» **YOUR TASK**: Word for word, copy out the entries below, but not the pictures in them.

» **SUPPLIED DATA**:

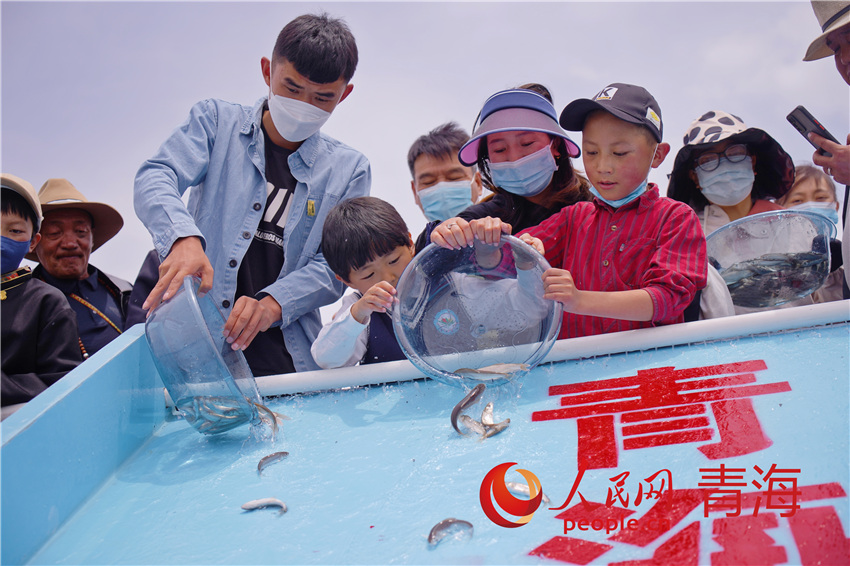 裸鯉增殖放流現(xiàn)場。人民網(wǎng) 張皓芃攝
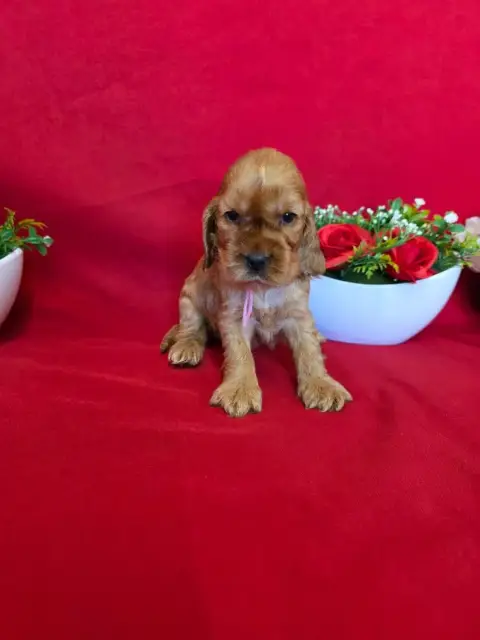 Cocker Spaniel Anglais  B........... Du Domaine De St 0edf3 photo 2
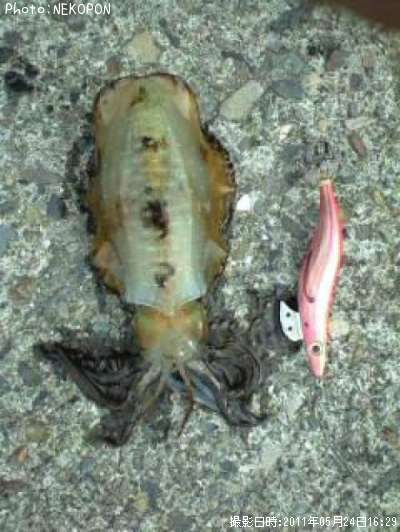 �����ꥤ��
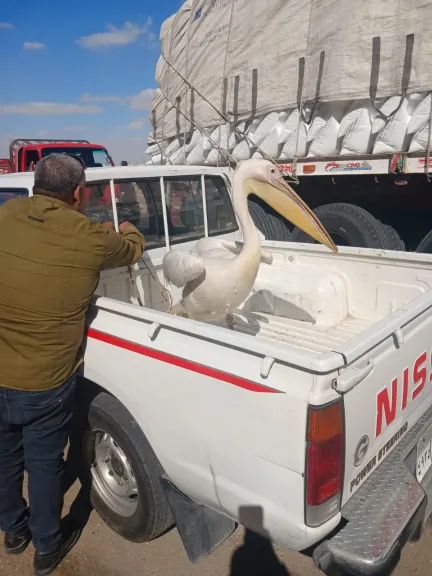 حملة موسعة لحصر وجمع طيور البجع بطريق السخنة ومصادرة بجعتين وحصر شامل للطيور بالموقع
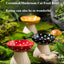 Mushroom Cat Bowl Cute Polka Dot Safe Ceramic Elevated Cat Feeder for Cats and Dogs Drinking Water Bowl Cat Feede Pet Supplies
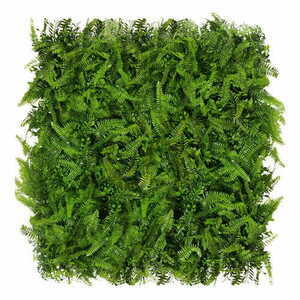 Green wall Fern 40x60cm small 0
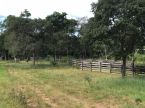 Fazenda com 163,50 ha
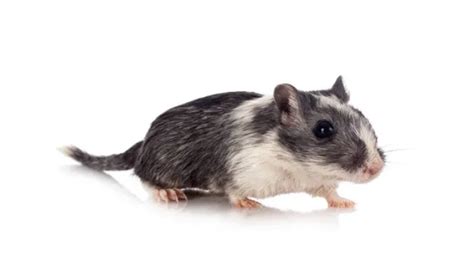 Why Your Gerbil Might Bite and How to Stop It – PetsBuilder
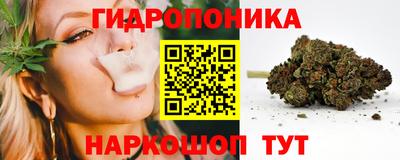 индика Аргун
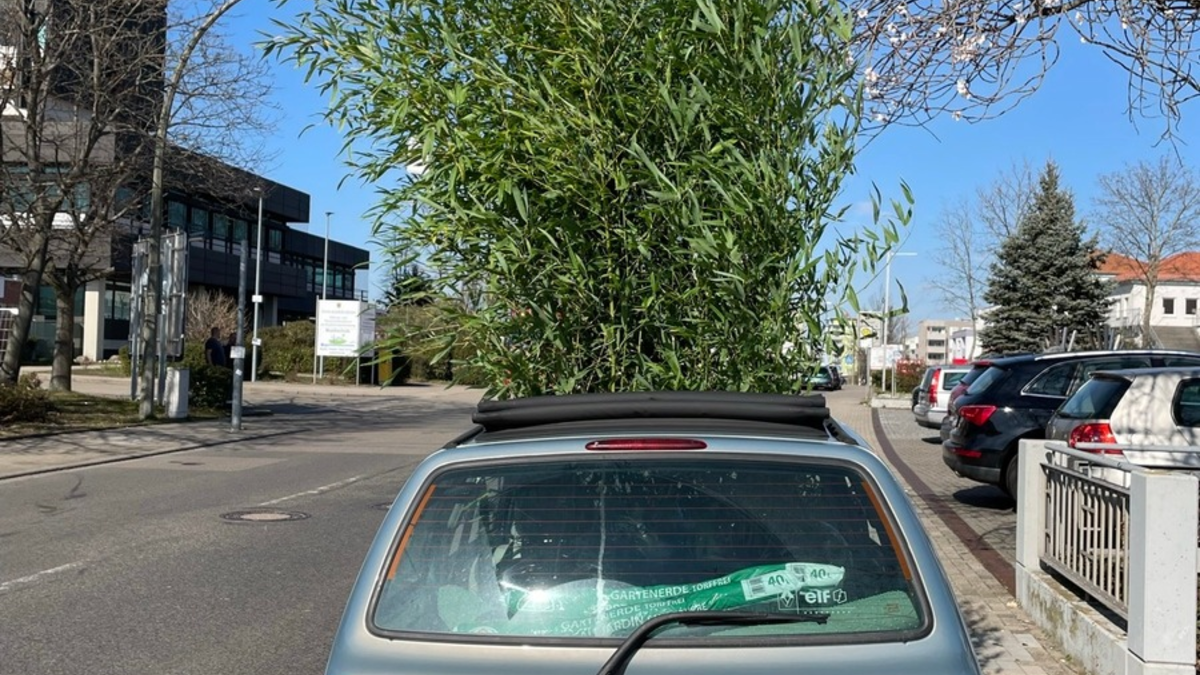 POL-PDNW: Wuchernde Ladung - Bambustransport der ungewöhnlichen Art - Foto: presseportal.de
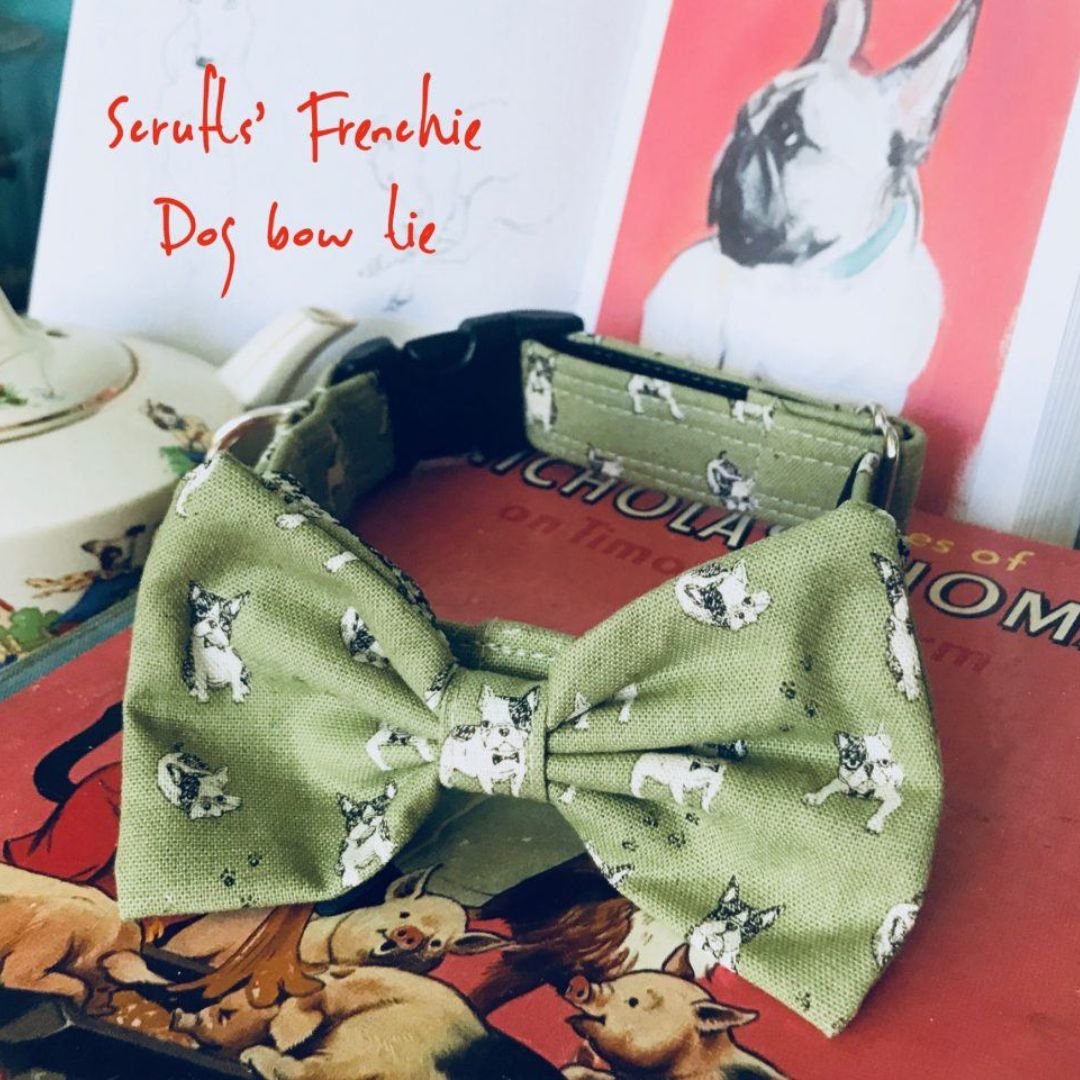 Sage Green Frenchie Bow Tie Designer Dog Collar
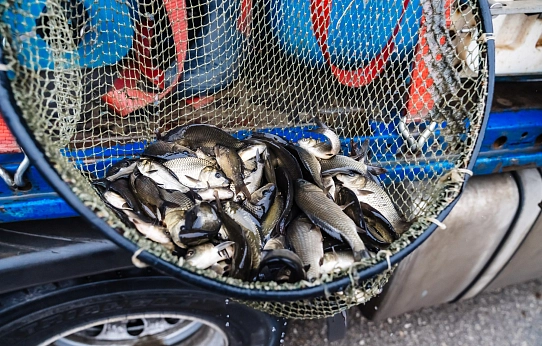 Рыбаки, готовьте удочки!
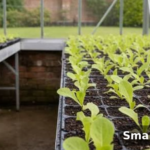 greenhouse gardening for beginners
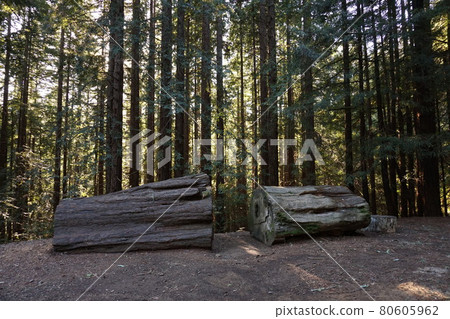 美國國家公園（Mu Woods National Park）風光 80605962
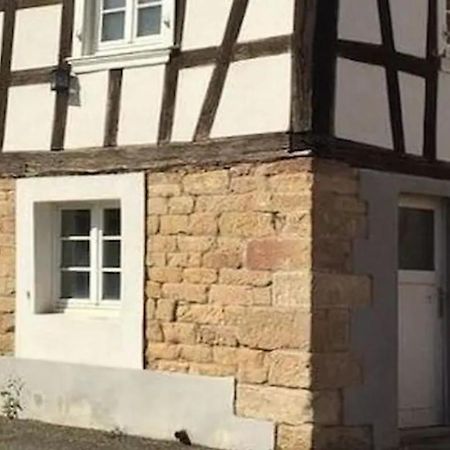 Petit Studio Pour Une Personne A Lobsann Exteriér fotografie
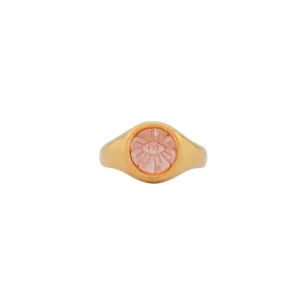 DELPHINE RING GPS
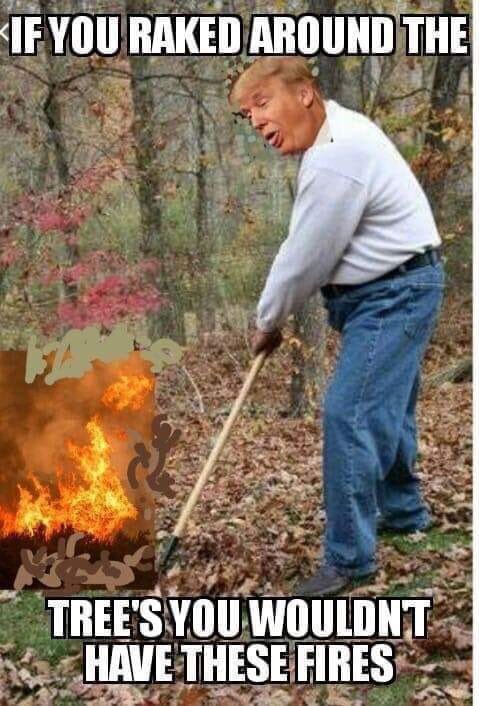 p91fun's tweet photo. @realDonaldTrump #MakeAmericaRakeAgain #goDonny keep up that good raking. Keep America safe, rake it https://t.co/bWisQ46Sb9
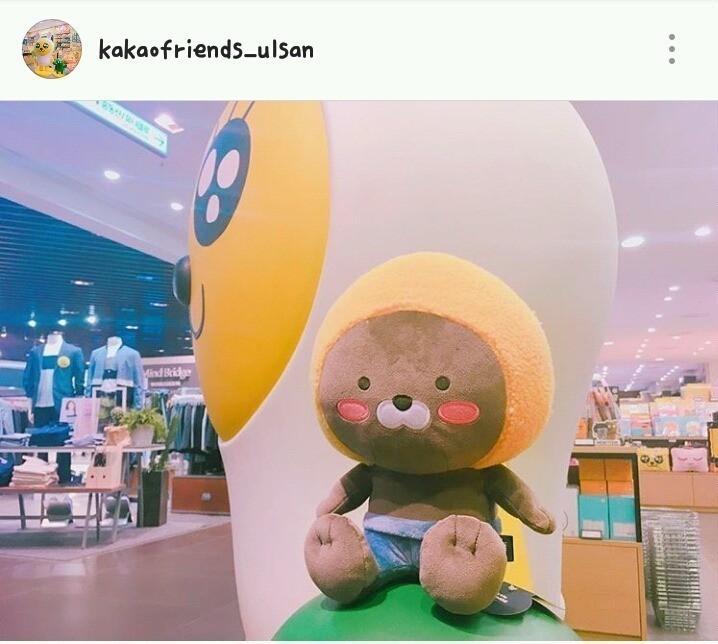 제이지 이미지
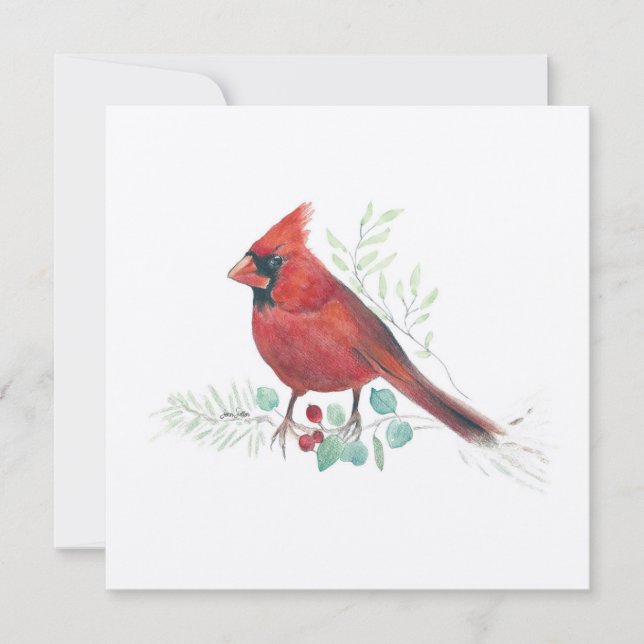 Cardinal Bird Watercolor (Anverso)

» **YOUR SOLUTION**:
 裸鯉增殖放流現(xiàn)場。人民網(wǎng) 張皓芃攝
 Cocker Spaniel Anglais  B........... Du Domaine De St 0edf3 photo 2
 �����ꥤ��
 حملة موسعة لحصر وجمع طيور البجع بطريق السخنة ومصادرة بجعتين وحصر شامل للطيور بالموقع
 Mushroom Cat Bowl Cute Polka Dot Safe Ceramic Elevated Cat Feeder for Cats and Dogs Drinking Water Bowl Cat Feede Pet Supplies
 Green wall Fern 40x60cm small 0
 Fazenda com 163,50 ha
 Why Your Gerbil Might Bite and How to Stop It – PetsBuilder
 индика Аргун
 POL-PDNW: Wuchernde Ladung - Bambustransport der ungewöhnlichen Art - Foto: presseportal.de
 Sage Green Frenchie Bow Tie Designer Dog Collar
 Рыбаки, готовьте удочки!
 greenhouse gardening for beginners
 美國國家公園（Mu Woods National Park）風光 80605962
 Petit Studio Pour Une Personne A Lobsann Exteriér fotografie
 DELPHINE RING GPS
 p91fun's tweet photo. @realDonaldTrump #MakeAmericaRakeAgain #goDonny keep up that good raking. Keep America safe, rake it https://t.co/bWisQ46Sb9
 제이지 이미지
 Cardinal Bird Watercolor (Anverso)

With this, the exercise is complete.